Их дыхание, громкое и хриплое в ночной тишине, наконец успокоилось и стало нормальным.

Он спрыгнул с кровати, подошел к огню и зажег свечу, чтобы поставить ее около кровати. Она смущенно потянулась к синему бархатному халату и быстро закуталась в него. Ее глаза встретили его взгляд и она прикусила губу.

Потом, удивленная тем, что он подхватил ее на руки и отнес в огромное кресло у камина, она вскрикнула. Он уселся, посадив ее себе на колени, и приподнял ее подбородок.

— Простите меня. Но я невольно испытываю невероятное любопытство. Раньше вы хотели перерезать мне глотку. А сегодня… Боже, леди! Чем это вызвано?

Она опустила ресницы. Он отпустил ее подбородок, и она уставилась в огонь.

— Вашими поисками Мэри Кейт. Особенно после сегодняшнего дня, — очень спокойно сказала она.

— А, мне следовало знать, — пробормотал он.
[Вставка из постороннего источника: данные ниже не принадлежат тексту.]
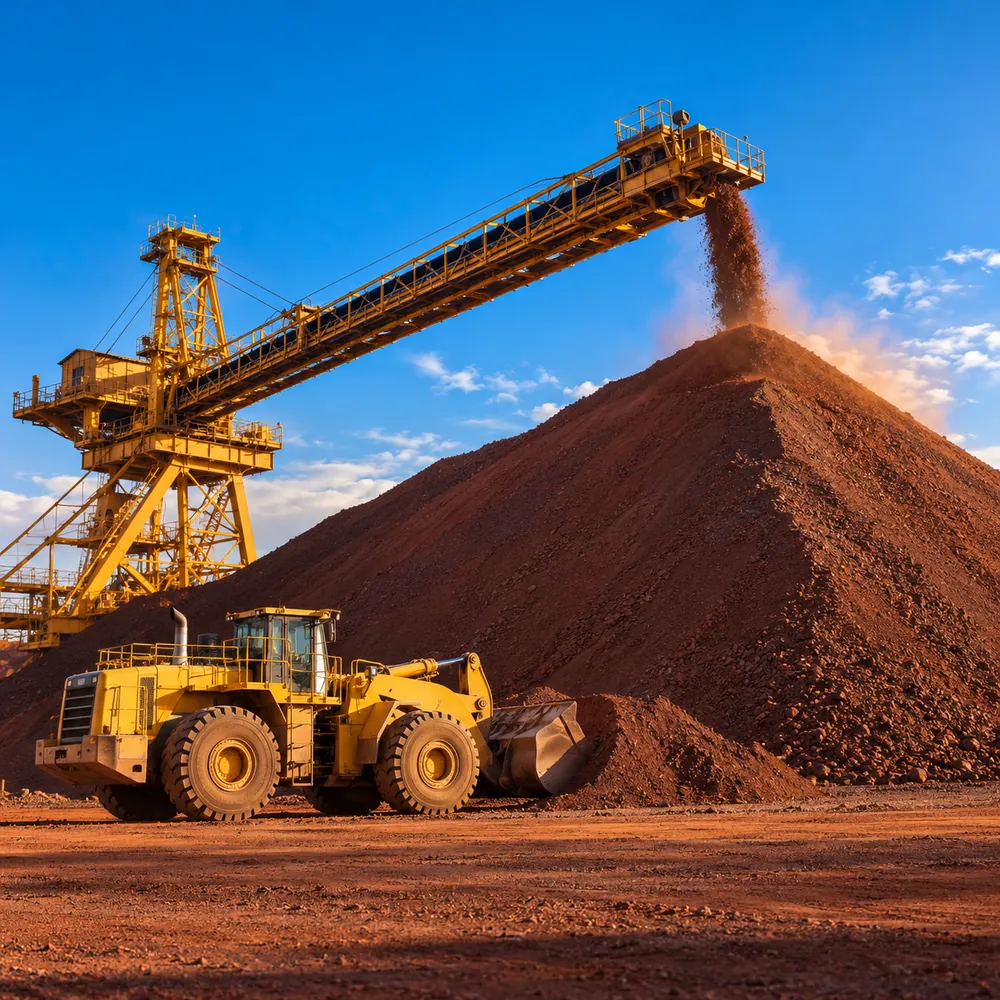 Pilha de minério de ferro com empilhadeira de pátio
— Я не хотела рассердить вас! — поспешно сказала она, снова ища его взгляда.

Он медленно выдохнул, думая о том, как молода его жена. И как она прелестна со своими изумрудными глазами, мерцающими медными волосами и искусительными формами. Если бы не необычайная вина. Если бы не боль…

И все же, возможно, существует какое-то будущее. Для них обоих.

— Это было благодарностью? Миледи, мне придется сделать все, что в моих силах, чтобы вы были вечно благодарны мне!

Она вспыхнула, снова опустив ресницы.

— Вы не понимаете…

Он прижал палец к ее губам.

— Я понимаю.

— Мэри Кейт очень дорога мне. Она была со мной много лет. — Она снова смотрела на огонь. — Мой отец, конечно, с радостью бы дал вам корабль, чтобы я была уверена в ее благополучном возвращении, но, как я понимаю, у вас уже есть их несколько.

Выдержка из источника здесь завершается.